While the U.S. stock market has reached record highs, Sabia said investors haven’t priced in unprecedented geopolitical risks, including uncertainties over actions by the Trump administration, upcoming elections in Europe, the implications of Brexit, an influx of refugees to Western Europe and changing economic conditions in China.
He said it’s also not clear whether corporations will be spurred by promises of tax cuts and deregulation to engage in a wave of investments that could boost economic growth.
Sabia said the Caisse has tried to build a portfolio that can weather any challenges by being prudent. He said the pension fund is prepared to pounce on investment opportunities, including those that result from plans for massive infrastructure spending in the United States.
However, Sabia said it’s not certain that congressional Republicans will support President Donald Trump’s desire for US$1 trillion in spending to build roads, bridges and airports.
And while Trump’s recent statement that he’s only looking to tweak NAFTA is probably good news for Canada, the new administration has said a lot but not taken many concrete decisions on economic issues, he told reporters.
“So until we begin to see the completion of the things being done it’s hard to judge how the new administration is going to play their cards.”
The Caisse said net assets grew to $270.7 billion as of Dec. 31, adding $18.4 billion in net investment returns and $4.3 billion net deposits from public pension and insurance plan members.
The annual result was better than the 5.8% return for its benchmark portfolio, but less than the 9.1% earned in 2015. In fact, it was the lowest return since 2011.
Over five years, the Caisse has generated a 10.2% annualized return, adding $100 billion to the institutional investor’s assets.
Sabia said he is “extremely comfortable” with the Caisse’s performance even though it couldn’t immunize itself from global changes, including slow growth exacerbated by low business investment.
“The world is a challenging place and generating returns today is a tough business,” he said.
“Returns are going to step by step be harder and harder to generate and we’re seeing that around the world.
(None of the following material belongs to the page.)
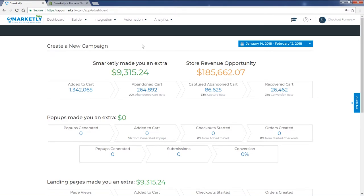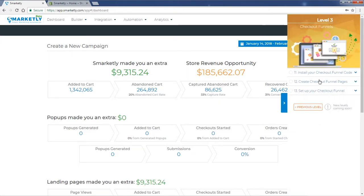Hey guys, in this video I'm going to show you how to install the checkout funnel code on your Shopify account. We prepared a guide for you, and you can go to the Guide Me button and open up the onboarding process.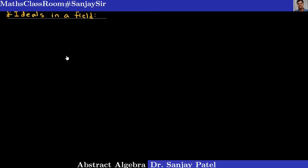Hi, I am Sanjay Patil. In this lecture, we are going to describe all the ideals in a field. Before that, let us recall what is the ideal in a ring and also what is the meaning of proper ideals. So just revise what we have done in our previous lectures.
And that’s going to be the new reality of the next number of years.”
Last year’s growth was driven by equity investments and a recovery in oil and commodity prices. A strong performance by the Canadian stock market and investments in companies with high U.S. exposure such as Alimentation Couche-Tard, Gildan and Magna generated a 22.7% return.
Real estate and infrastructure investments raked in a 10.6% return while fixed income lagged with a 2.9% return amid low interest rates.